The job, therefore, was cut out for its new worldwide boss. Douglas Daft and his new Indian lieutenant Alex von Behr. And it was obvious that it wouldn't be a pleasant one. The magnitude of the writing down of its assets makes it appear that the Coke brass has chosen to make a clean breast of the Indian mess and restart it with a clean slate.

But why had the mess piled up in the first place. While Coke India itself is not communicative about it, piecing together available information makes it appear that the large losses were mainly due to three reasons - the huge expenses Coke incurred in buying out bottlers, its lavish market discounting schemes and its expensive advertising campaigns.

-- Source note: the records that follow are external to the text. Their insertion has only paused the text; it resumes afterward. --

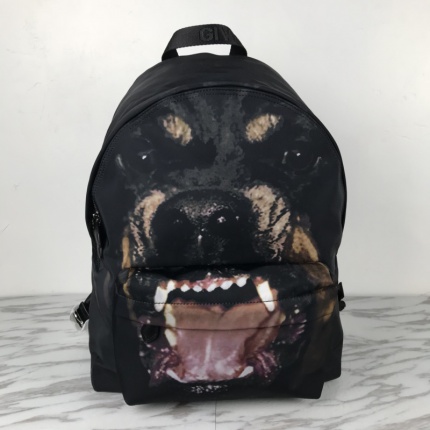 New Arrivals Givenchy High quality Backpacks in 191859
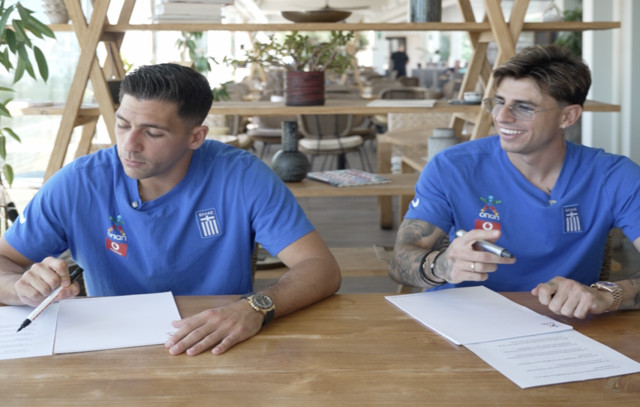 Μπακασέτας-και-Ρότα…έτοιμοι-για-Μουντιάλ-–-Απολαυστικό-κουίζ-για-το-Παγκόσμιο-Κύπελλο-λίγο-πριν-τη-μάχη-των-προκριματικών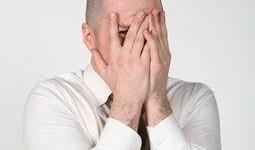 耳鸣可以吃瓜吗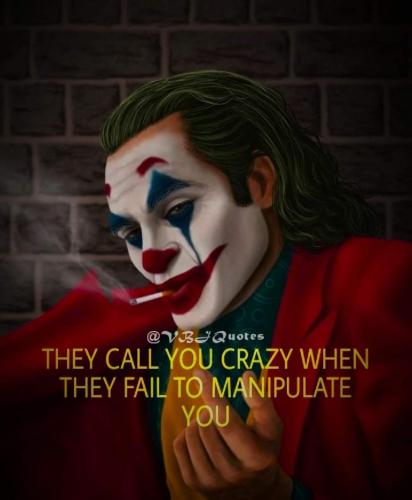 FB_IMG_1628884875082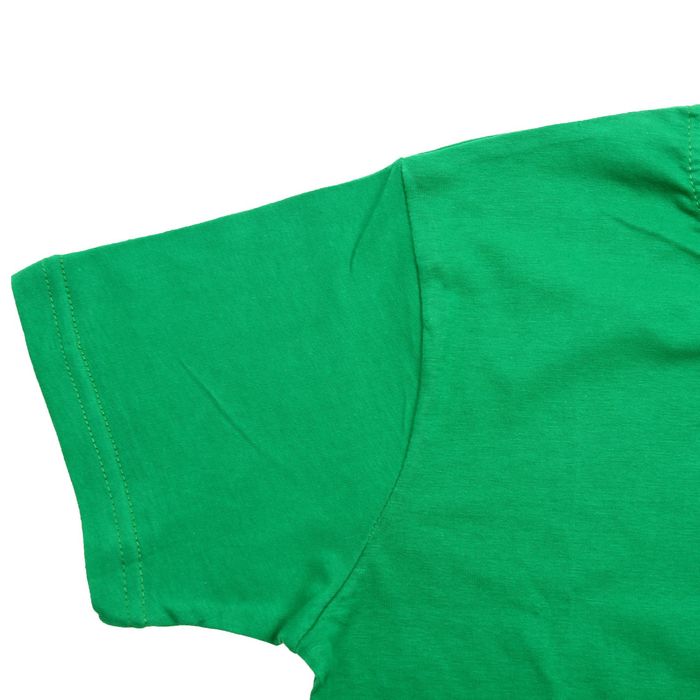 Футболка для мальчика, рост 110 см (60), цвет МИКС (арт. 5341М_Д)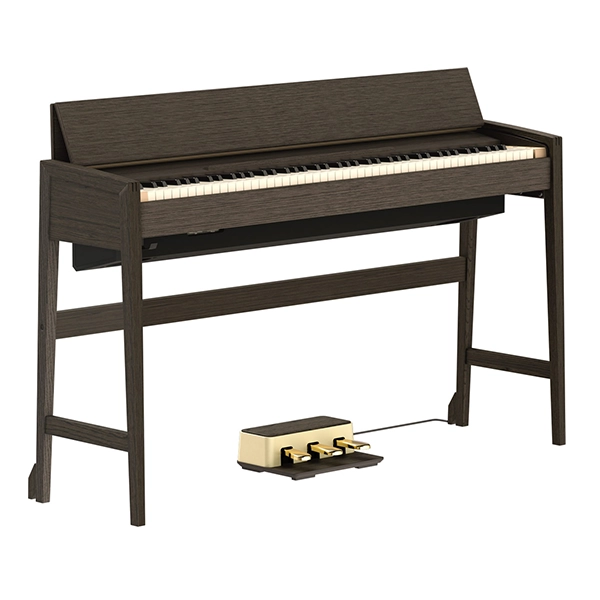 Music City – Tổng Kho Piano, Guitar, Organ | Dịch Vụ Giáo Dục Âm Nhạc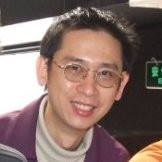 Thawatchai Jirarungkanon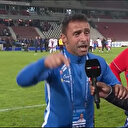 Osman Çakmak'tan Türkiye'ye çağrı: "Herkesi havalimanına bekliyoruz"
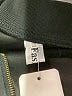Fashion Black Cardigan Size 4X - photo 7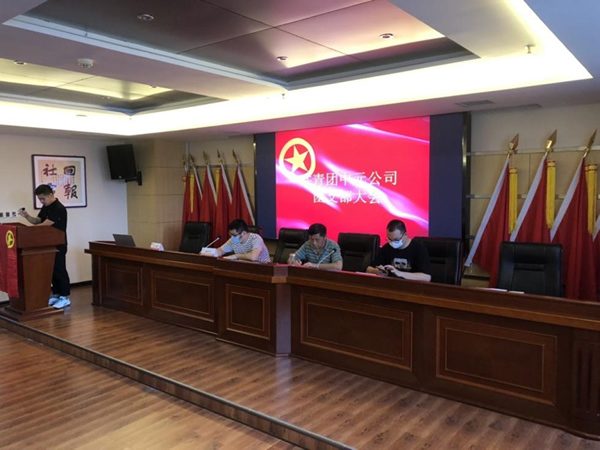 1628825268202083820.jpg 003.jpg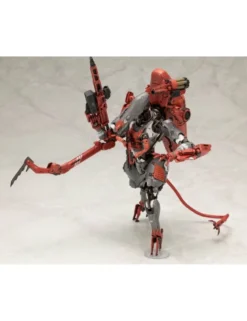 Kotobukiya Death Stranding 2: On the Beach Ghost Mech Coffins 1/350 Scale Model Kit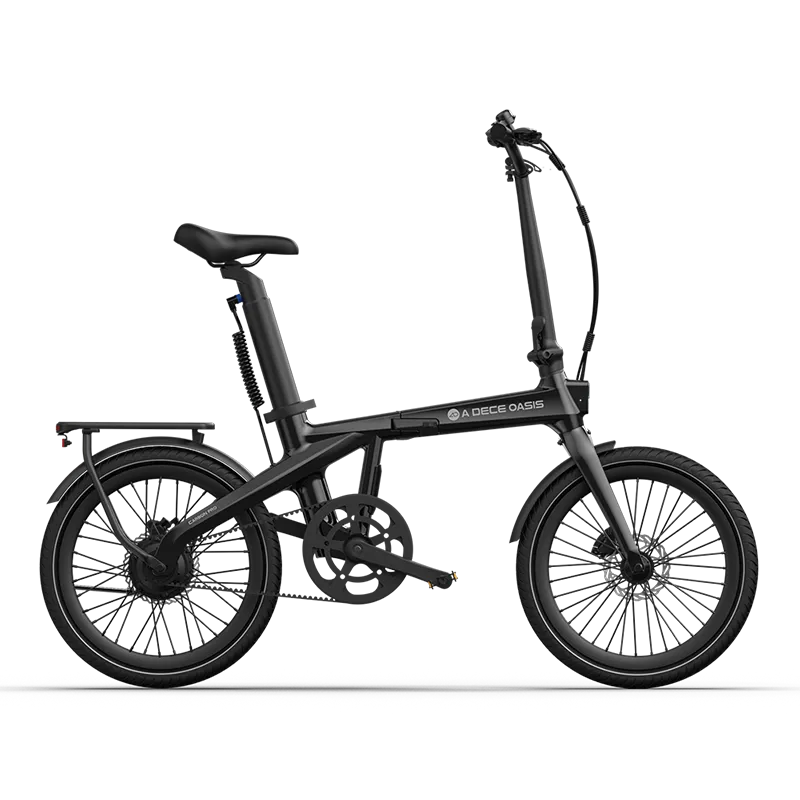 Air_Carbon_Pro_black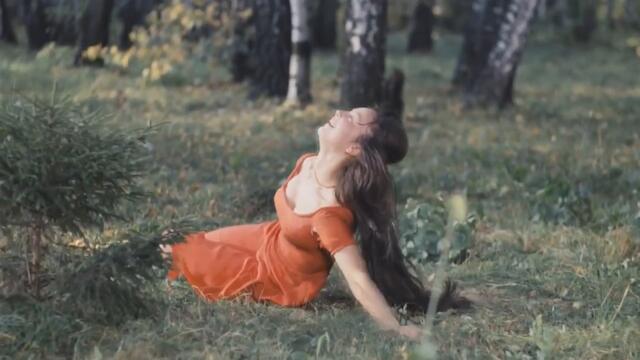 ГЕВОРК ТОПЧИЯН   -   Я ВАС ЛЮБЛЮ!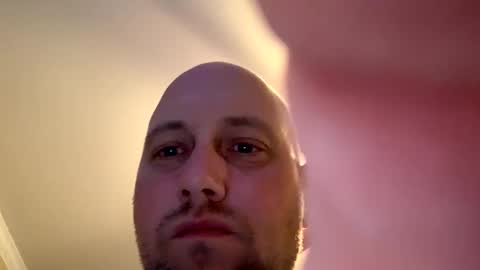 country cock 2020 online show from February 2025 10:17:02 PM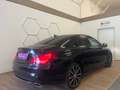 Mercedes-Benz CLA 250 CLA 250 4Matic Schwarz - thumbnail 15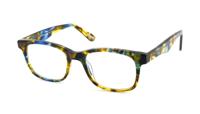 EYEQUARIUM Sale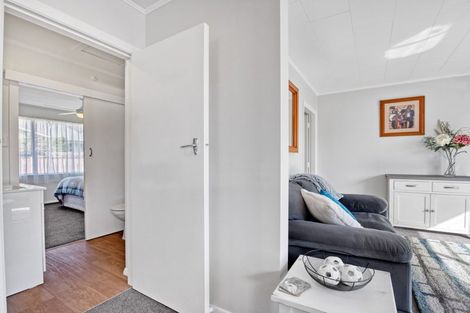 Photo of property in 2/64b William Street, Richmond, 7020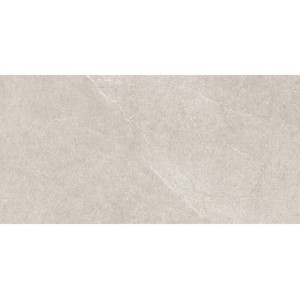 SADDLE TOPO L 120X120  BROWN - PORCELANOSA 100364158 PORCELANOSA  - 1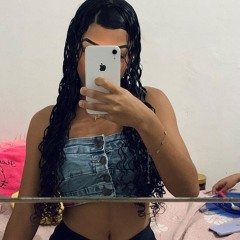 testk APAIXONOU EU x TAMBORZADA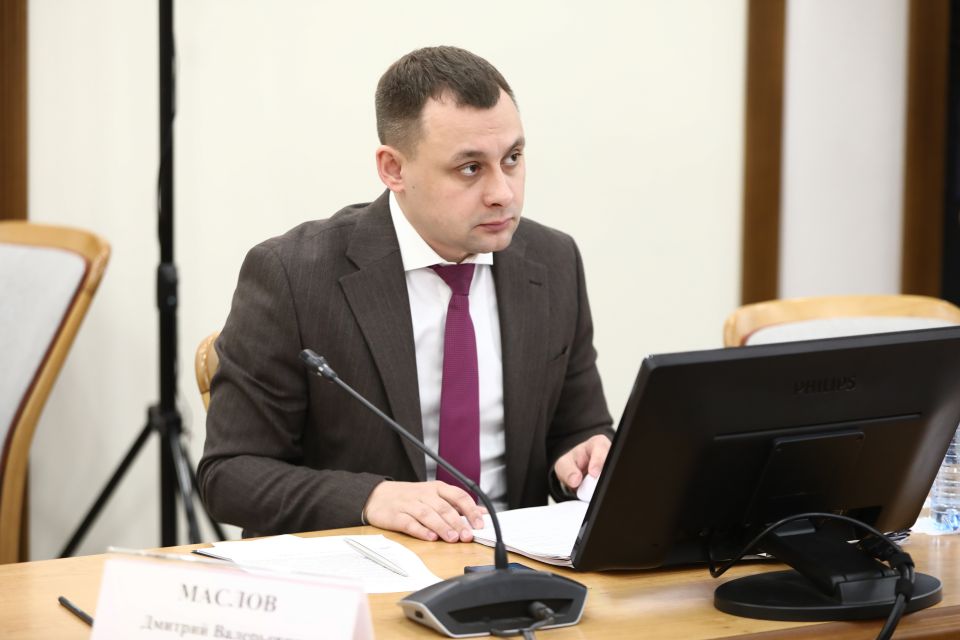 �������� ����������: � 2026 ���� �� ������������� ����������� ������������� ����� 37 ���������� ������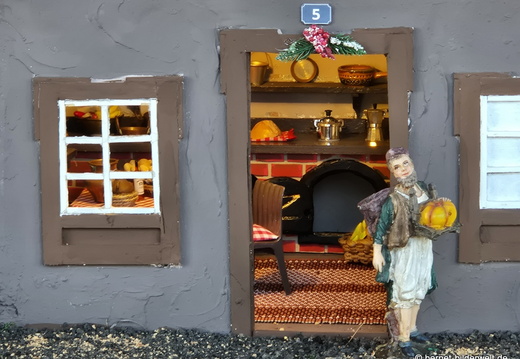 25-12-15-tazacorte-bethlehem-005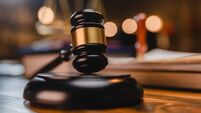 Man denies dangerous driving in Stradbally parade crash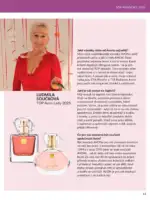 Avon magazín Focus 6 2026 6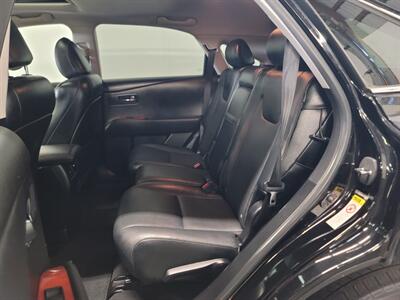 2012 Lexus RX 350   - Photo 6 - West Chester, PA 19382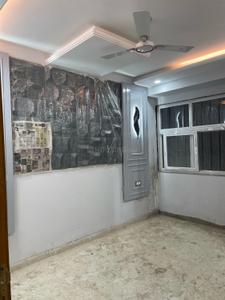 Bedroom Image of 1050 Sq.ft 2 BHK Apartment / Flat for sale in Skyline Dev Residency, Sector 110 Noida for Rs. 4200000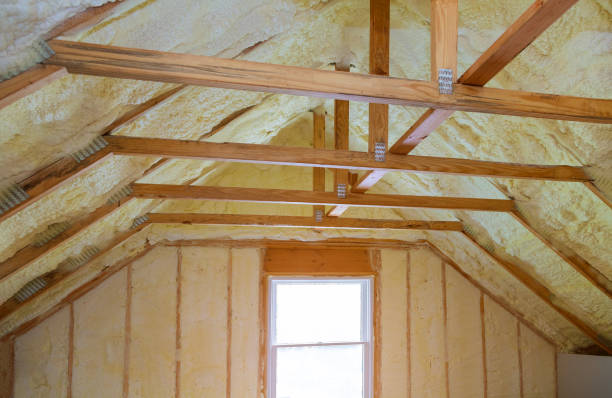  Jamestown, OH Insulation Contractor Pros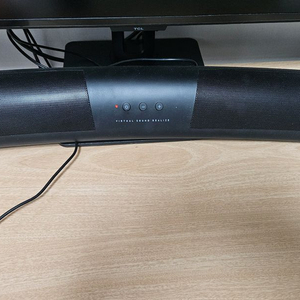 브리츠 사운드바 bz-sp600x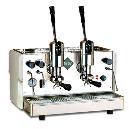 Manually Operated Lever Espresso Coffee Machine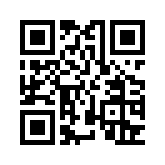 QR-Code https://ppt.cc/lYRt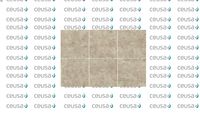 Composite bege - ceusa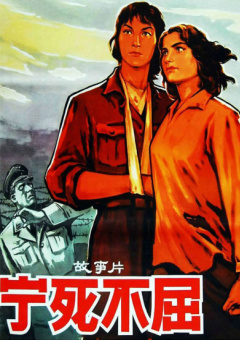 极品尤物一区二区三区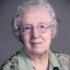 arlene e keller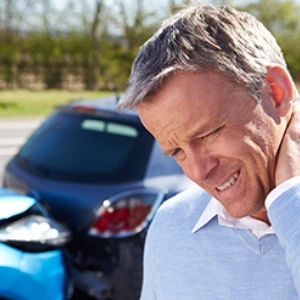 Do I Have A Car Wreck Claim In Jackson, Mississippi?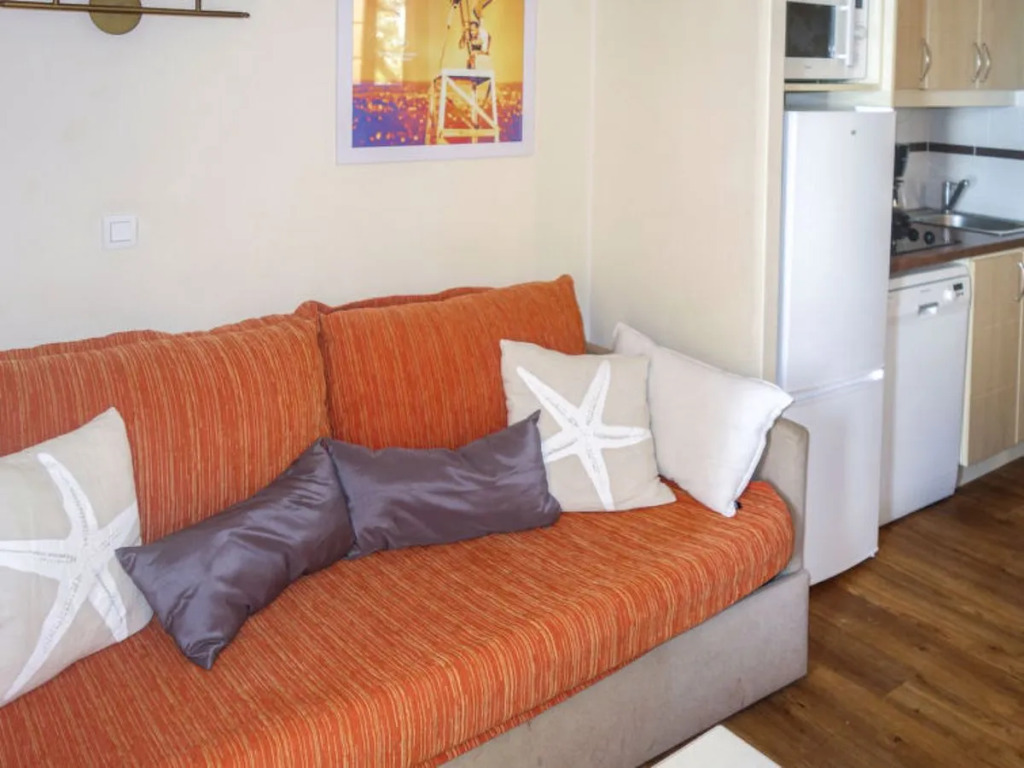 Villa Francia 39803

Coke is estimated to have paid off its bottlers about ` 1,500 crores for a smooth acquisition process, which apart from giving the company an integrating bottling network, hasn't really given commensurate returns. On top of that, there have been high discounting scheme expenses as well as the expenses to acquire key accounts (restaurants, five-star hotels, movie theatres) as well as costly ad campaigns (it's said that it has signed on current Bollywood sensation Hrithik Roshan for more than ` 5 crore).

The runaway expenses in India is said to have been worrying Atalanta for a while.

Coke's former boss, Doug Ivestor, had come to India in August 1999 to see things for himself. Prior to that, an audit team from the headquarters had visited the local HQ in Gurgaon and said to have found the expenses high indeed. Thereafter, there has been a change in local management structure and cost control measures were initiated.

Now, the impact of the write off could be two fold. One: Coca-Cola India now gets to start afresh. And two: the big brother in Atalanta is likely to keep a close eye on future expenses which might reduce the operating freedom of the local management.

 

 

Questions:

1.   What factors do you think influenced the demand for the Coca-Cola? How might these factors change over time?

2.   How does strategic behavior affect market shares, profitability and prices?

3.   Analyze the case. Comment on the nature of 'economic problem' and 'choice of strategy'.

4.   Analyze the market environment of Coca-Cola in India today. Comment on the observation, "AD war is a mad war; it is just a zero-sum game at the end."

What changes and measures were initiated to manage structure and cost control.